§ Task requirements: No pictures go into the copy. Write out exactly the lines below from the one containing "Furologee 5 Tier" through the one containing "Candidato ZÉ GOULART".

Data provided START

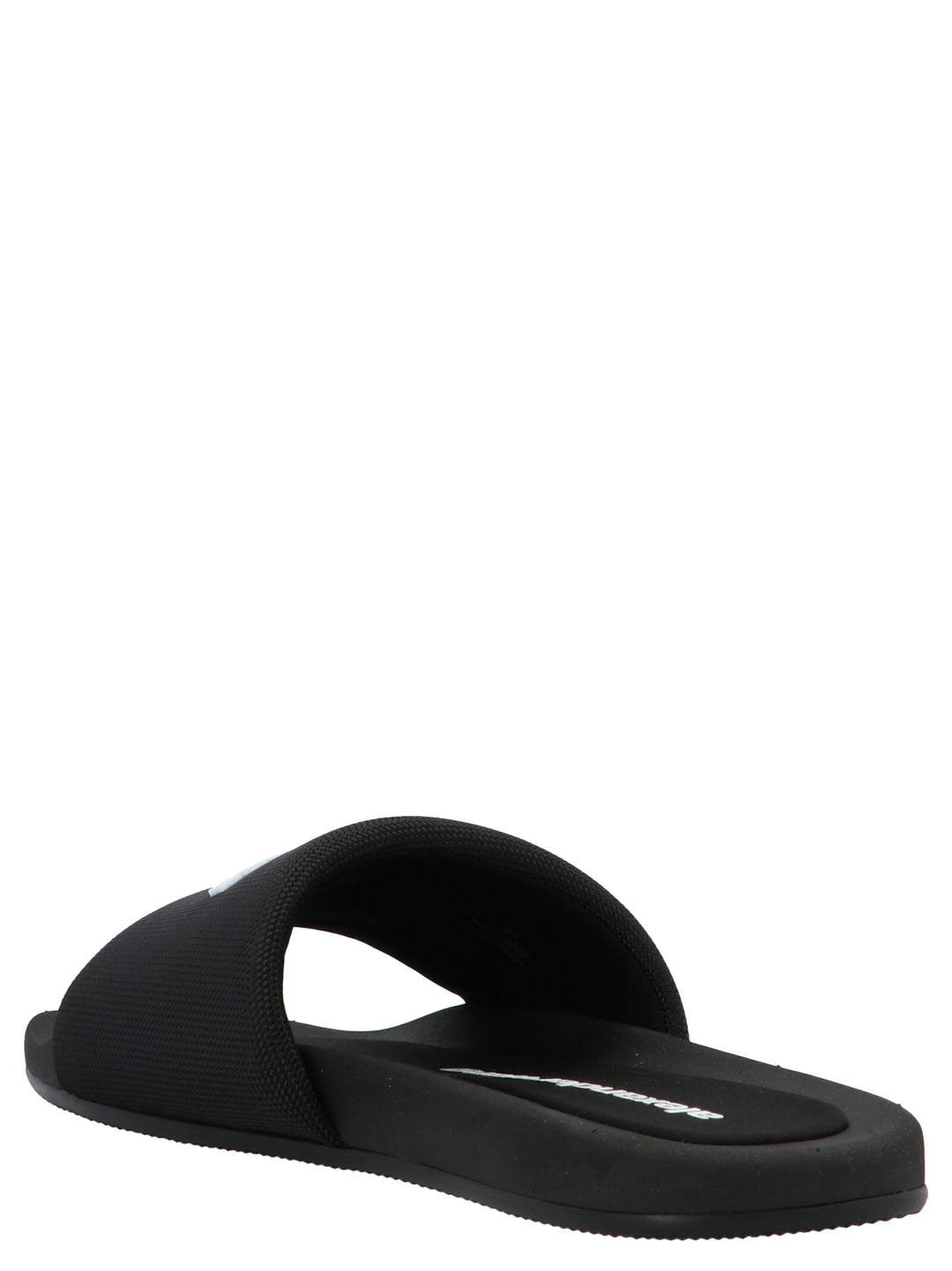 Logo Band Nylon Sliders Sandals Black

Data provided END
Data provided START

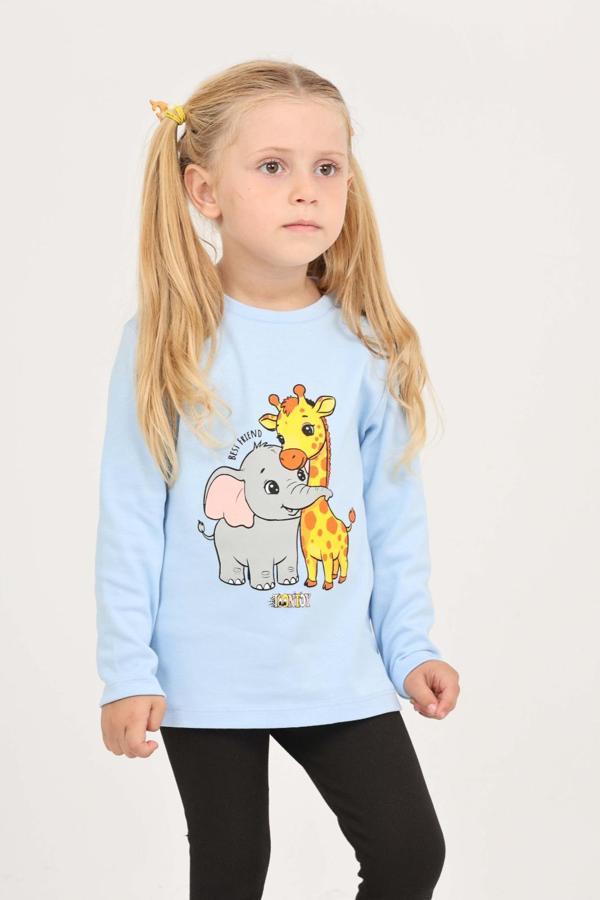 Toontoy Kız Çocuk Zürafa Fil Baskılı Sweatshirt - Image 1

Data provided END
Data provided START

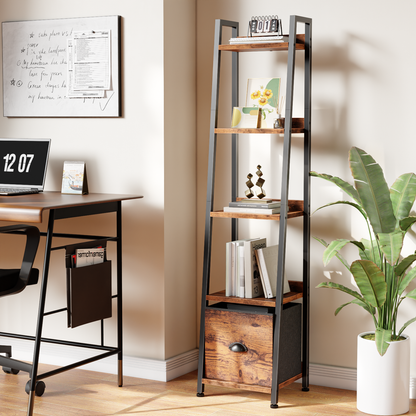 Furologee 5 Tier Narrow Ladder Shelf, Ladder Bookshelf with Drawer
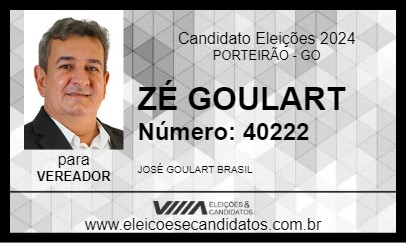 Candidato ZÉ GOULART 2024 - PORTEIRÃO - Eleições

Data provided END

§ Response area:
 Furologee 5 Tier Narrow Ladder Shelf, Ladder Bookshelf with Drawer
 Candidato ZÉ GOULART 2024 - PORTEIRÃO - Eleições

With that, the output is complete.